Am Puls des Kamp-Flusses. Zwölf Künstler aus der Region stellen im Zeitbrücke-Museum den Fluss in den Mittelpunkt.

Von Red. Horn. Erstellt am 16. Juni 2020 (06:02)
Sonia Gansterer und Clemens Feigel, beide aus Wegscheid am Kamp, er ist auch Leiter des Kunstraums „Eremitage am Kamp und Kurator der Sonderschau, mit dem Sujet zum Plakat der Ausstellung nach dem Bild „histoire naturell“.
Clemens Feigel

Das Zeitbrücke-Museum Gars ist wieder offen und zeigt ab Samstag, 20. Juni, die Sonderausstellung „Am Puls des Kamp“. Zahlreiche Künstler stellen damit den Fluss und seine jüngere, durchaus bewegte Geschichte in den Mittelpunkt ihres Schaffens.

„Die Geschichte der Ausstellung selbst ist nicht minder bewegt“, so Museumsverein-Obmann Anton Ehrenberger. „Mit der Eröffnung der Kamptalkraftwerkskette 1957 ging es mit der gewohnten Badetradition in Gars zu Ende. Das Wasser ist seitdem im Sommer statt erfrischend zu kalt – und knapp noch dazu!

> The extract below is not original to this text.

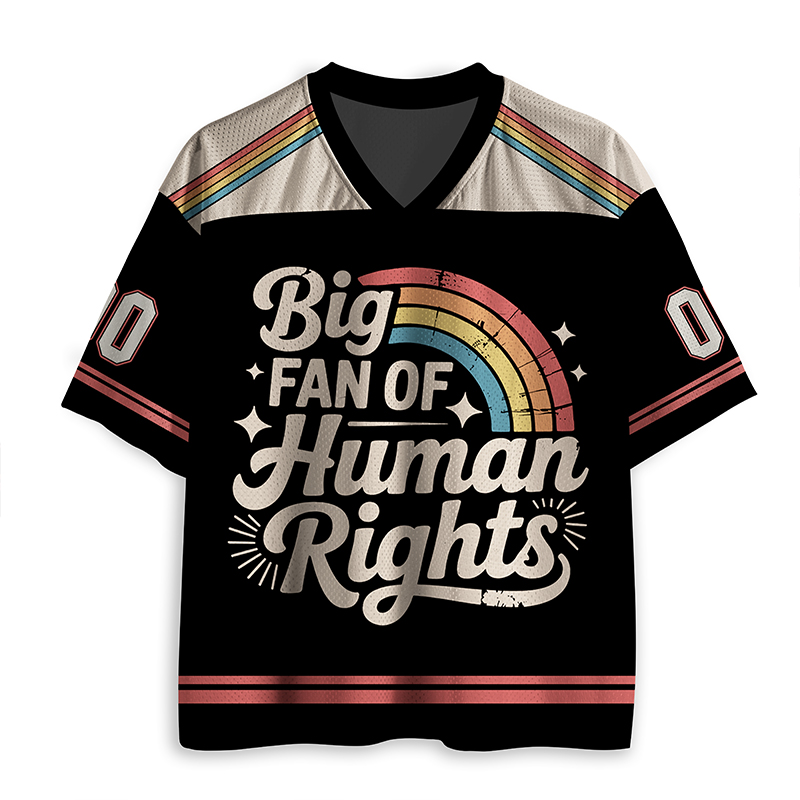 Personalized Big Fan Of Human Rights Rainbow Teacher Mesh Jersey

Träge und trüb, ohne die reinigende Kraft des abwärts getragenen Flussschotters, breiten sich die Algenteppiche immer mehr aus.“

Um 1980 hätte es noch schlimmer kommen sollen, doch konnten der Garser „Gesundheits-Papst“ Willi Dungl und die Bürgerinitiative „Rettet das Kamptal“ um Werner Gamerith eine weitere große Staustufe verhindern.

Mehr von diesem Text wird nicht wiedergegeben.